» What is needed: Repeat every line from the line containing "Johnathan Kayne - 2071" to the end of the data, exactly. Leave the pictures out.

» Data for review:
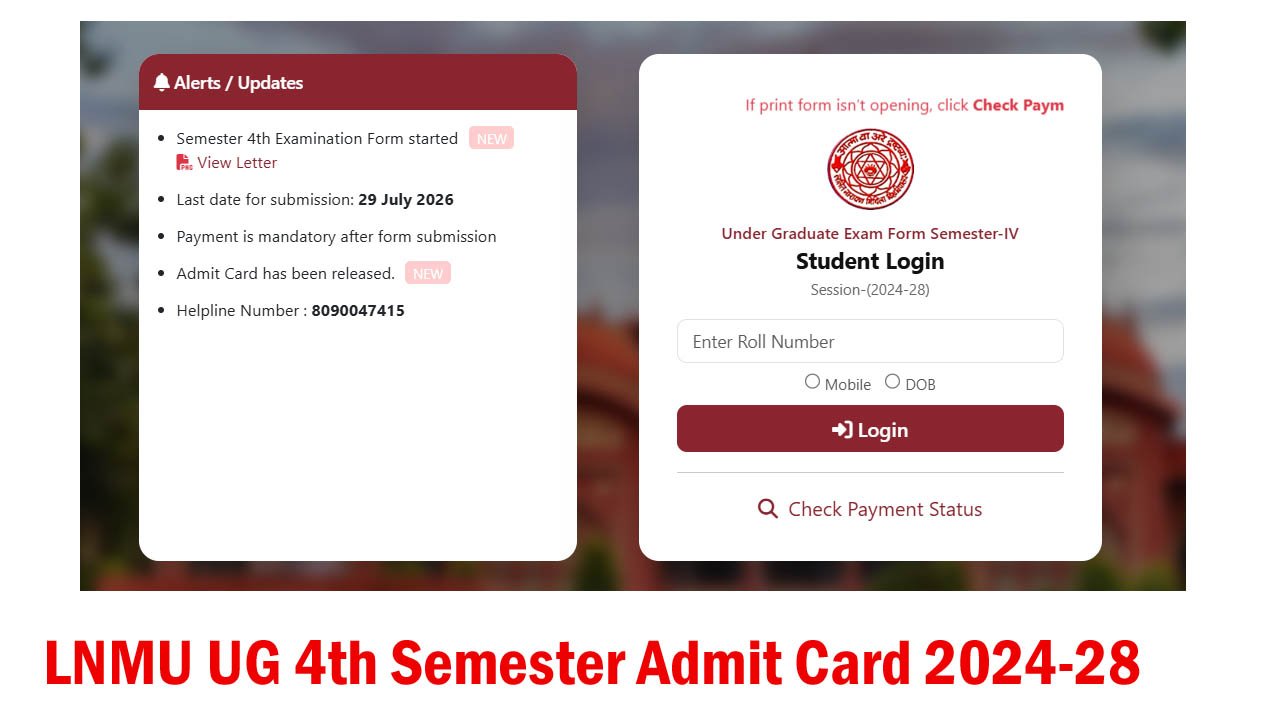 LNMU UG 4th Semester Admit Card 2024-28 Download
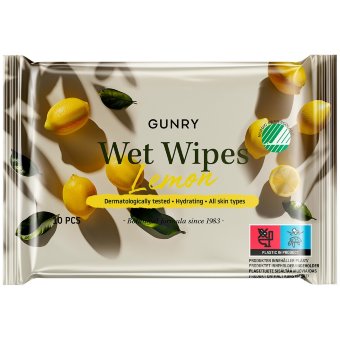 Влажные салфетки Gunry с ароматом лимона 10 шт Влажные салфетки Gunry с ароматом лимона 10 шт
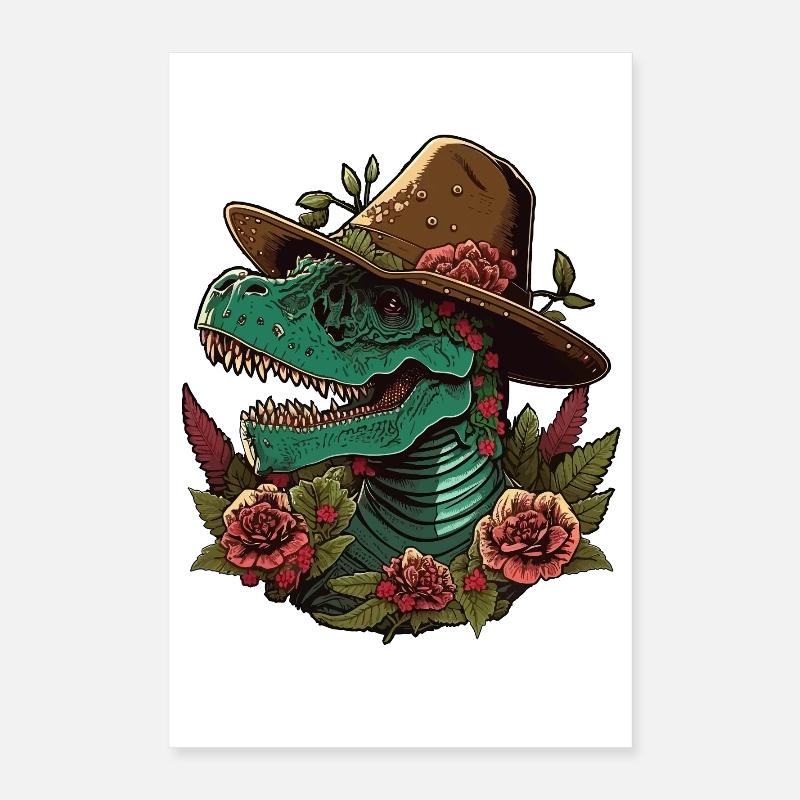Dinosaur Sugar Skull Floral Rex with Wide Hat Poster 16" x 24" (40x60 cm)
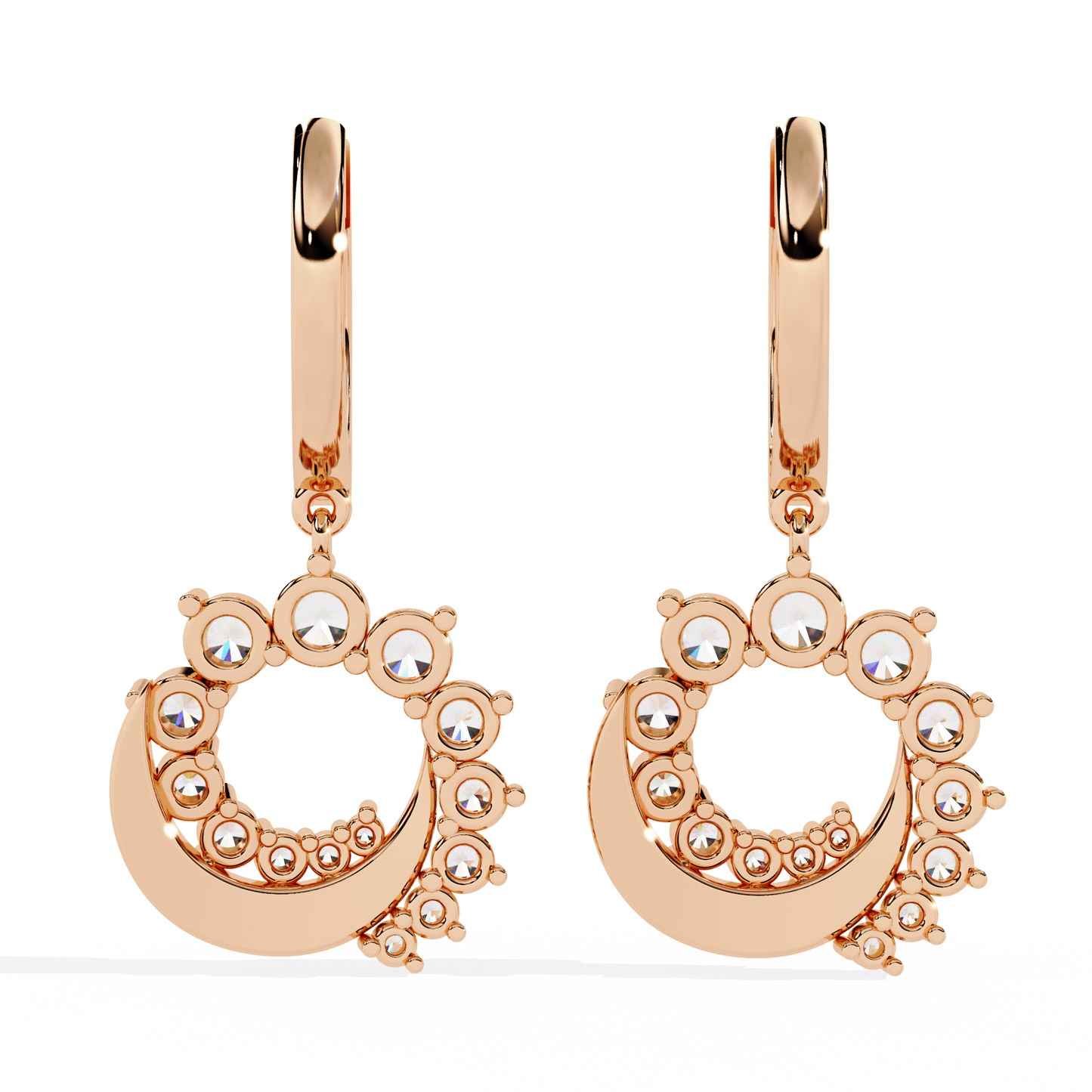 rose gold / moissanite, rose gold / lab grown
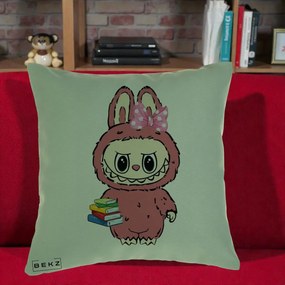 Perna Personalizata Labubu Roz cu Funda si Carti, 40x40 cm, Verde, Husa Detasabila, Perna Inclusa, BEKZ®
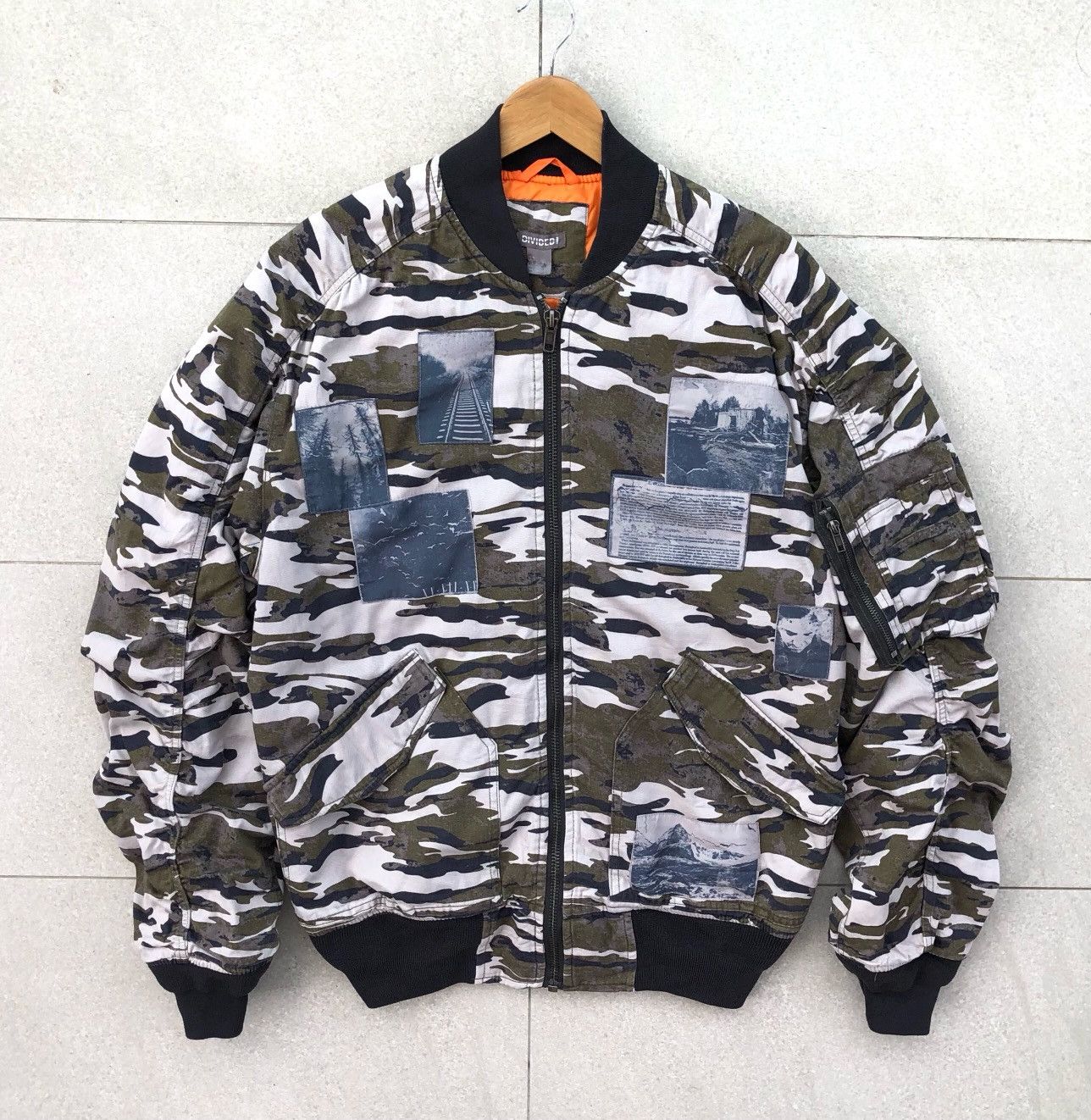 Japanese Brand VTG Divided Camo Bomber Jacket Raf Simons Archive Inspired Size US XL / EU 56 / 4 - 1 Thumbnail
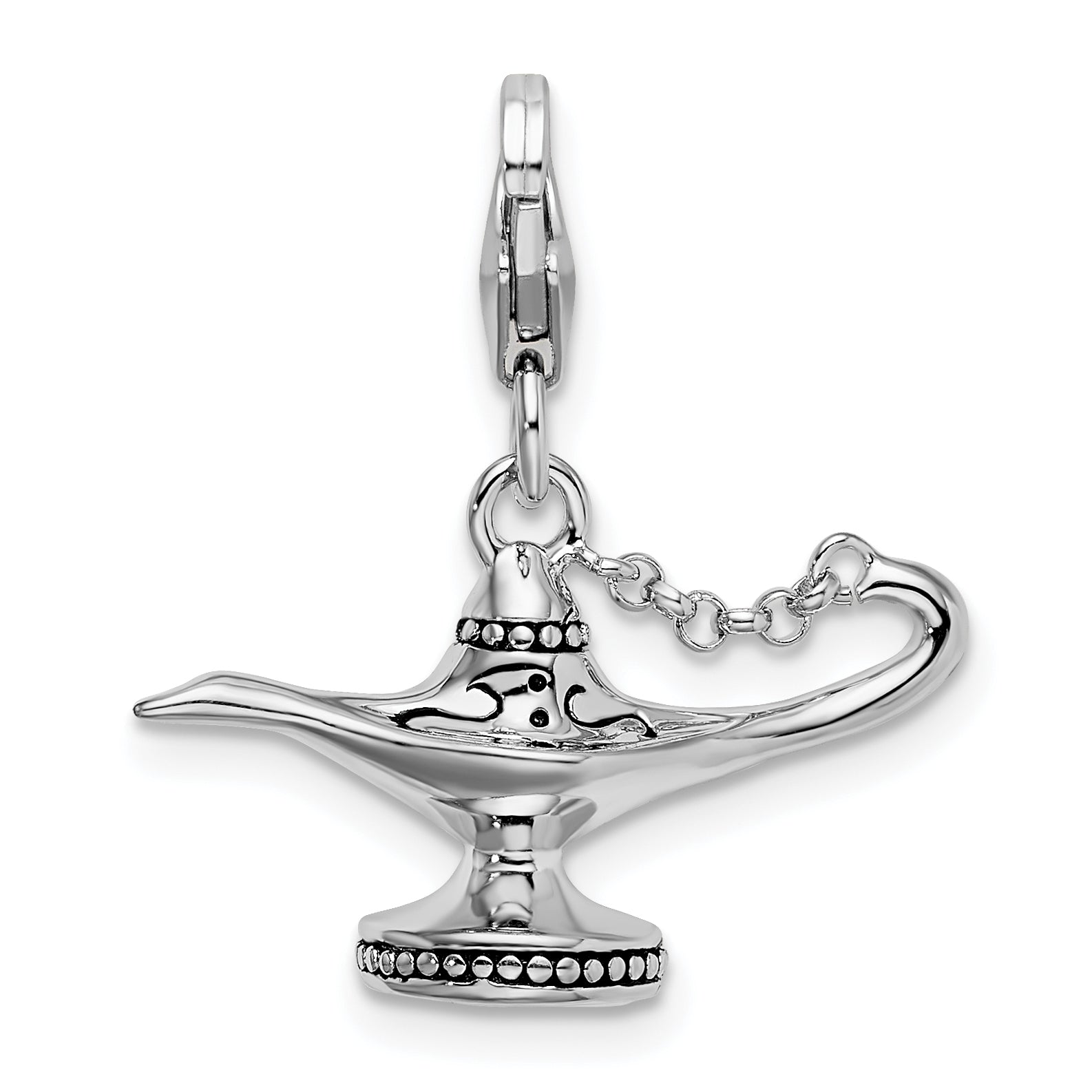 Sterling Silver Amore La Vita Rhodium-Plated Polished 3-D Enameled Magic Lamp Charm With Fancy Lobster Clasp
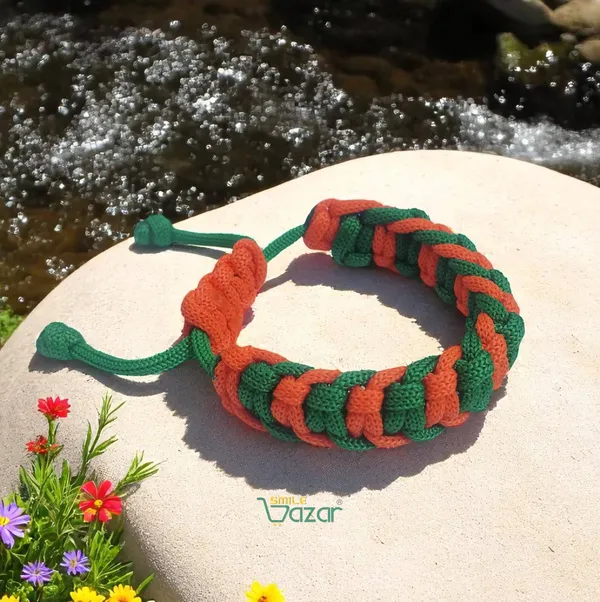GREEN_AND_ORANGE_HANDMADE__BRACELET_ADJUSTABLE_WRISTBAND_BRACELET_FRIENDSHIP_BAND_FOR_WOMEN_AND_MEN_SKIN_FRIENDLY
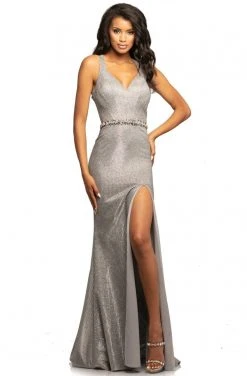 Johnathan Kayne - 2071 Plunging V-neck Trumpet Dress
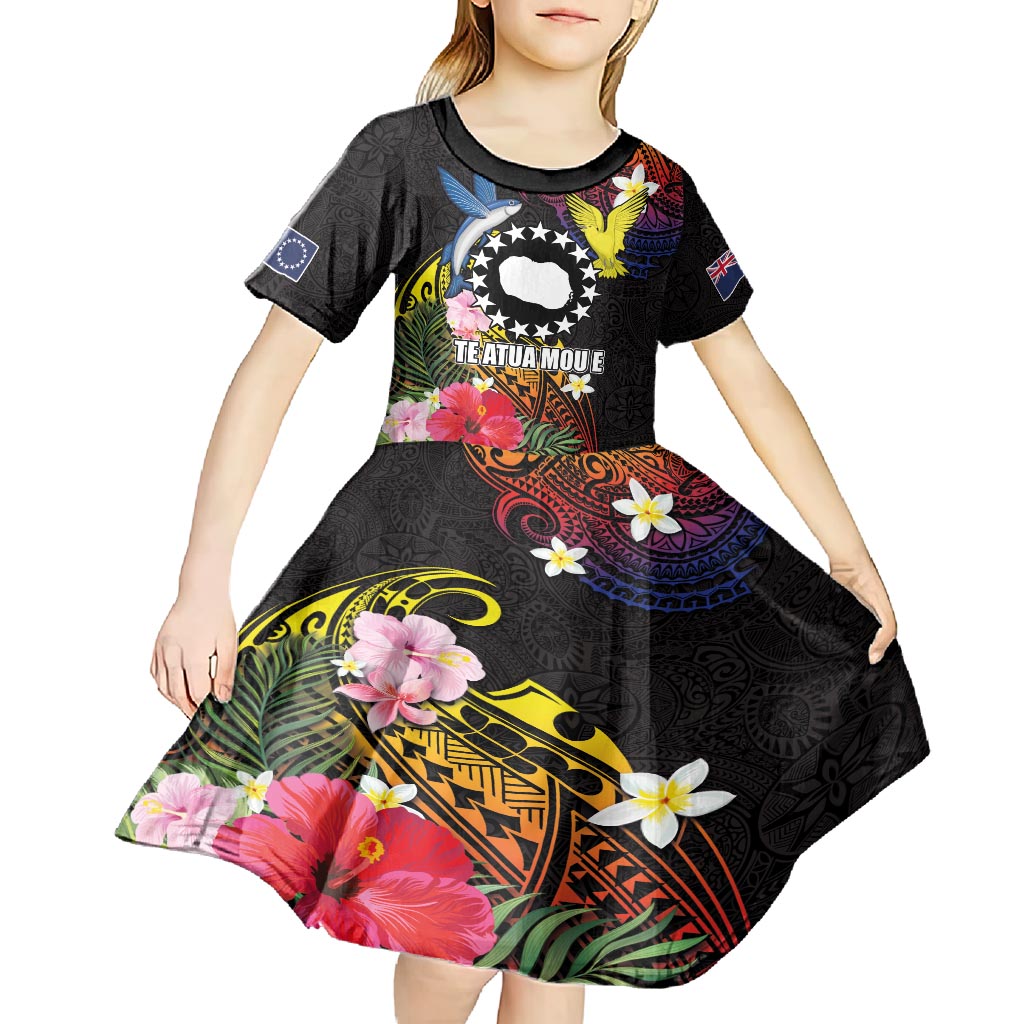 Cook Islands Independence Day Kid Short Sleeve Dress Maroro and Kakaia with Hibiscus Flower Polynesian Pattern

» Response below:
 Johnathan Kayne - 2071 Plunging V-neck Trumpet Dress
 Cook Islands Independence Day Kid Short Sleeve Dress Maroro and Kakaia with Hibiscus Flower Polynesian Pattern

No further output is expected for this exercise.